%%

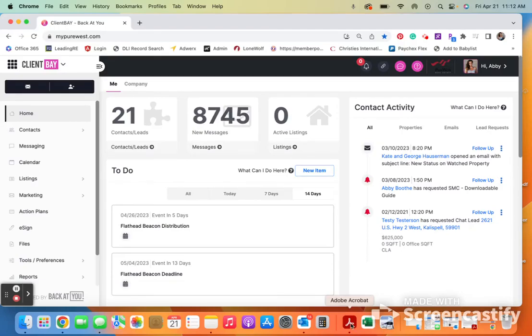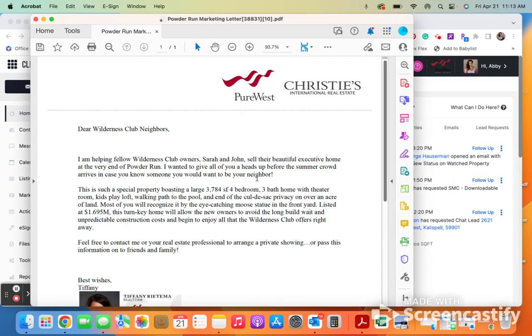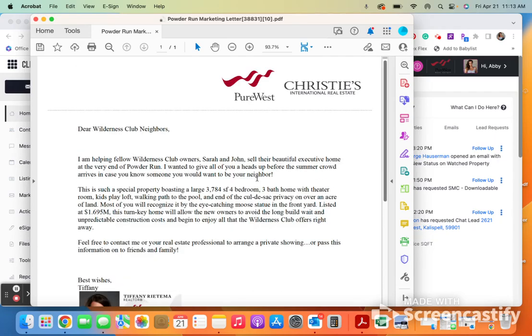We're going to go over how you can save a PDF into a JPEG. This is really pretty simple. Open up the PDF that you are interested in. This is important because if it's one page, then that is very simple.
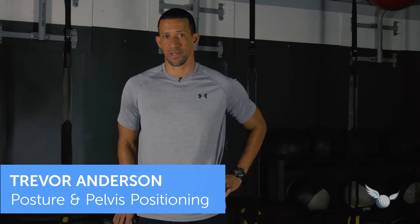Posture and pelvis positioning are critical factors in the overall golf swing. The pelvis is the number one epicenter for dysfunction, meaning that if we don't have a good competency of how to move that pelvis through a range of motion, it's going to be tough for us to swing our best swing. It's going to be tough to rotate efficiently and to get the speed and power that we're looking for.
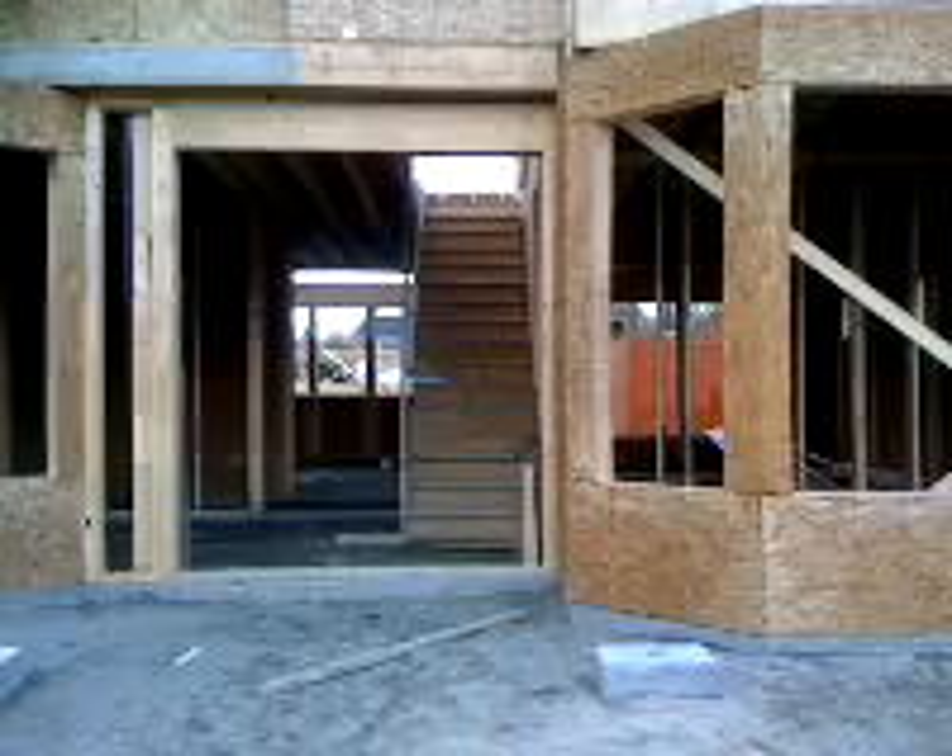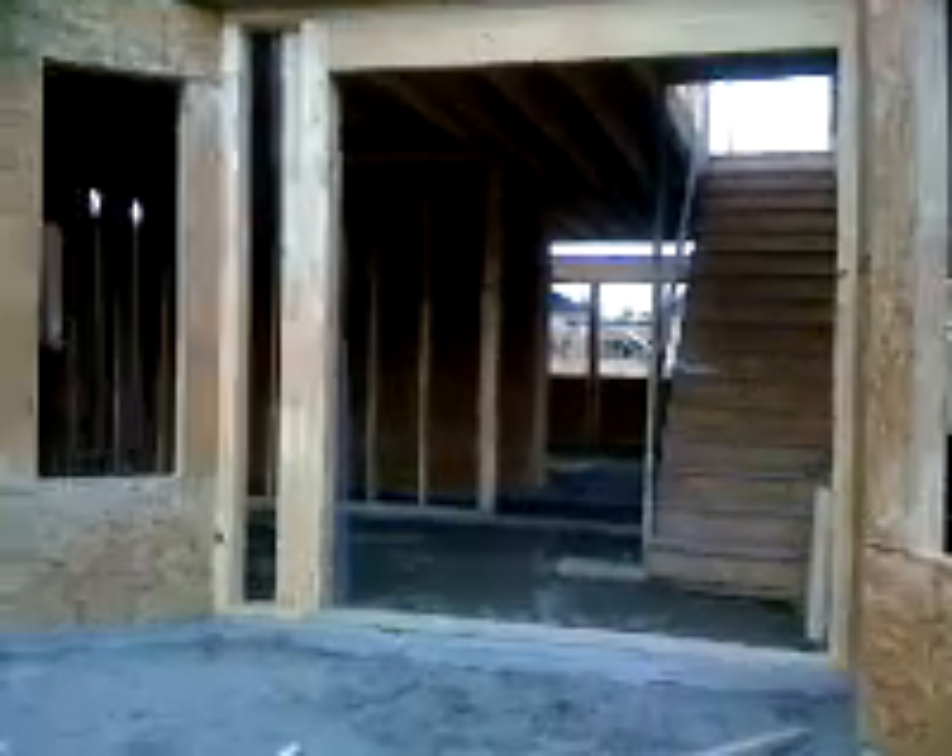We're at day five of framing — I'll show you what we've done today. Most of today was spent tying up some loose ends on the ground floor. We've got shear walls in; what they do is help protect the house from moving laterally if there's an earthquake or something like that — those walls will keep the house solid. You can also see all of the sheathing is done on the outside.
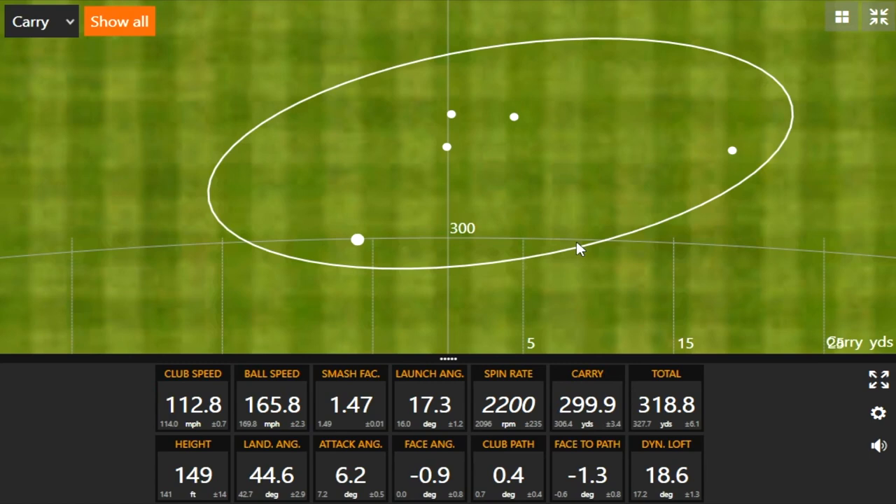It's got the compact head — it's 425 CC. So actually a good amount fewer CC than the 460 kind of limit, which is interesting, but it still packs the punch clearly.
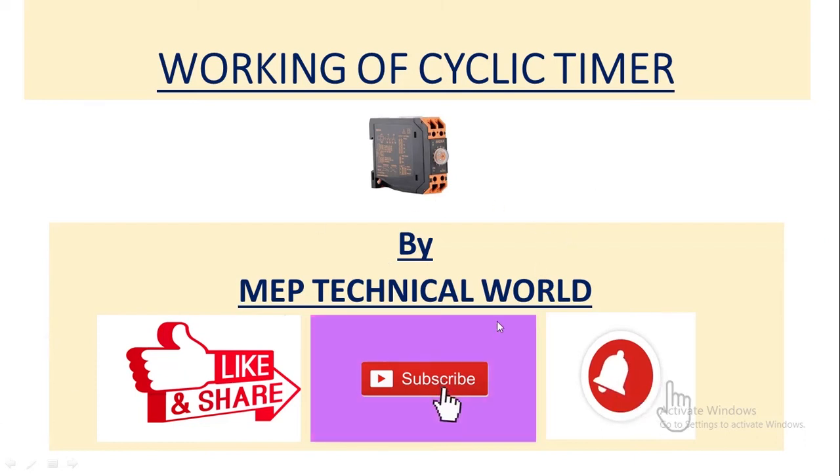Hello guys, welcome to my channel. This is Ruday Pandit and you're watching MEP Technical World. In this video we'll learn about the working of a cyclic timer and discuss its applications. In a previous video I already discussed how to read the specification of a cyclic timer, its wiring with a load, and its time setting, so I recommend you watch that video — I'll give you the link in the description box.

%%

Extract all the data above exactly, excluding every picture.

We're going to go over how you can save a PDF into a JPEG. This is really pretty simple. Open up the PDF that you are interested in. This is important because if it's one page, then that is very simple.
Posture and pelvis positioning are critical factors in the overall golf swing. The pelvis is the number one epicenter for dysfunction, meaning that if we don't have a good competency of how to move that pelvis through a range of motion, it's going to be tough for us to swing our best swing. It's going to be tough to rotate efficiently and to get the speed and power that we're looking for.
We're at day five of framing — I'll show you what we've done today. Most of today was spent tying up some loose ends on the ground floor. We've got shear walls in; what they do is help protect the house from moving laterally if there's an earthquake or something like that — those walls will keep the house solid. You can also see all of the sheathing is done on the outside.
It's got the compact head — it's 425 CC. So actually a good amount fewer CC than the 460 kind of limit, which is interesting, but it still packs the punch clearly.
Hello guys, welcome to my channel. This is Ruday Pandit and you're watching MEP Technical World. In this video we'll learn about the working of a cyclic timer and discuss its applications. In a previous video I already discussed how to read the specification of a cyclic timer, its wiring with a load, and its time setting, so I recommend you watch that video — I'll give you the link in the description box.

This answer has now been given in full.